_EXERCISE INSTRUCTIONS_
Could every line of the data be copied out once more, exactly?

○ ○ ○

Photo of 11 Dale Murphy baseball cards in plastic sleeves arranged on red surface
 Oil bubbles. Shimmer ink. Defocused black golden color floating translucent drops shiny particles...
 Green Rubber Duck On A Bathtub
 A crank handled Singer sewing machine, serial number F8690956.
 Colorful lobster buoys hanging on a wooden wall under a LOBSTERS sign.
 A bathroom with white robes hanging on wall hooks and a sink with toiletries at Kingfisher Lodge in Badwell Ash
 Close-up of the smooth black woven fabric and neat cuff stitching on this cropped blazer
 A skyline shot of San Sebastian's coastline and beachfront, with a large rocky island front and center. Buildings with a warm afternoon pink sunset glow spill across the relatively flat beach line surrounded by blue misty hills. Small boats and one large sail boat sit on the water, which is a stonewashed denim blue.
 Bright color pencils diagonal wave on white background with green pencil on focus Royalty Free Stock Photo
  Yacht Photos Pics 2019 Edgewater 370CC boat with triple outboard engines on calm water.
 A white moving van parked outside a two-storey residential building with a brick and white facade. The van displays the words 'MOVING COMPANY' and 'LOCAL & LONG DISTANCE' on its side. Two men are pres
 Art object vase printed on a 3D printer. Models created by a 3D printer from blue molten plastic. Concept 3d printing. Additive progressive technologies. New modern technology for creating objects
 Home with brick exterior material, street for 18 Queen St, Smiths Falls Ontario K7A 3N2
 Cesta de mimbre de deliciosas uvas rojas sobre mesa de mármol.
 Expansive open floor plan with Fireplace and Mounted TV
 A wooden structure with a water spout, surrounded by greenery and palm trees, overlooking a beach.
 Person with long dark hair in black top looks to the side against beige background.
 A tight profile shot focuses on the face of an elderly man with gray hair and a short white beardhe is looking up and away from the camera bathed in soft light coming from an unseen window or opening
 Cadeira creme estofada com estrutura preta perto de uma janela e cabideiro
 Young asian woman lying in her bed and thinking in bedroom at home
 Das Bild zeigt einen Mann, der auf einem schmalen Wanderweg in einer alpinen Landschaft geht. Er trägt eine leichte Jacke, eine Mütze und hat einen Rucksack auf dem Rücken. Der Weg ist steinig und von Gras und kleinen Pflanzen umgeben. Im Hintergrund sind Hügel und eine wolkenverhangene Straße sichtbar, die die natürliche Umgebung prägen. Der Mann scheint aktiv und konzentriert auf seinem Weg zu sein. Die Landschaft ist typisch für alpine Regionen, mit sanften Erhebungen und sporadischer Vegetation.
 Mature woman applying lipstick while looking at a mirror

○ ○ ○

_RESULT FOR THIS TASK_
Photo of 11 Dale Murphy baseball cards in plastic sleeves arranged on red surface
 Oil bubbles. Shimmer ink. Defocused black golden color floating translucent drops shiny particles...
 Green Rubber Duck On A Bathtub
 A crank handled Singer sewing machine, serial number F8690956.
 Colorful lobster buoys hanging on a wooden wall under a LOBSTERS sign.
 A bathroom with white robes hanging on wall hooks and a sink with toiletries at Kingfisher Lodge in Badwell Ash
 Close-up of the smooth black woven fabric and neat cuff stitching on this cropped blazer
 A skyline shot of San Sebastian's coastline and beachfront, with a large rocky island front and center. Buildings with a warm afternoon pink sunset glow spill across the relatively flat beach line surrounded by blue misty hills. Small boats and one large sail boat sit on the water, which is a stonewashed denim blue.
 Bright color pencils diagonal wave on white background with green pencil on focus Royalty Free Stock Photo
  Yacht Photos Pics 2019 Edgewater 370CC boat with triple outboard engines on calm water.
 A white moving van parked outside a two-storey residential building with a brick and white facade. The van displays the words 'MOVING COMPANY' and 'LOCAL & LONG DISTANCE' on its side. Two men are pres
 Art object vase printed on a 3D printer. Models created by a 3D printer from blue molten plastic. Concept 3d printing. Additive progressive technologies. New modern technology for creating objects
 Home with brick exterior material, street for 18 Queen St, Smiths Falls Ontario K7A 3N2
 Cesta de mimbre de deliciosas uvas rojas sobre mesa de mármol.
 Expansive open floor plan with Fireplace and Mounted TV
 A wooden structure with a water spout, surrounded by greenery and palm trees, overlooking a beach.
 Person with long dark hair in black top looks to the side against beige background.
 A tight profile shot focuses on the face of an elderly man with gray hair and a short white beardhe is looking up and away from the camera bathed in soft light coming from an unseen window or opening
 Cadeira creme estofada com estrutura preta perto de uma janela e cabideiro
 Young asian woman lying in her bed and thinking in bedroom at home
 Das Bild zeigt einen Mann, der auf einem schmalen Wanderweg in einer alpinen Landschaft geht. Er trägt eine leichte Jacke, eine Mütze und hat einen Rucksack auf dem Rücken. Der Weg ist steinig und von Gras und kleinen Pflanzen umgeben. Im Hintergrund sind Hügel und eine wolkenverhangene Straße sichtbar, die die natürliche Umgebung prägen. Der Mann scheint aktiv und konzentriert auf seinem Weg zu sein. Die Landschaft ist typisch für alpine Regionen, mit sanften Erhebungen und sporadischer Vegetation.
 Mature woman applying lipstick while looking at a mirror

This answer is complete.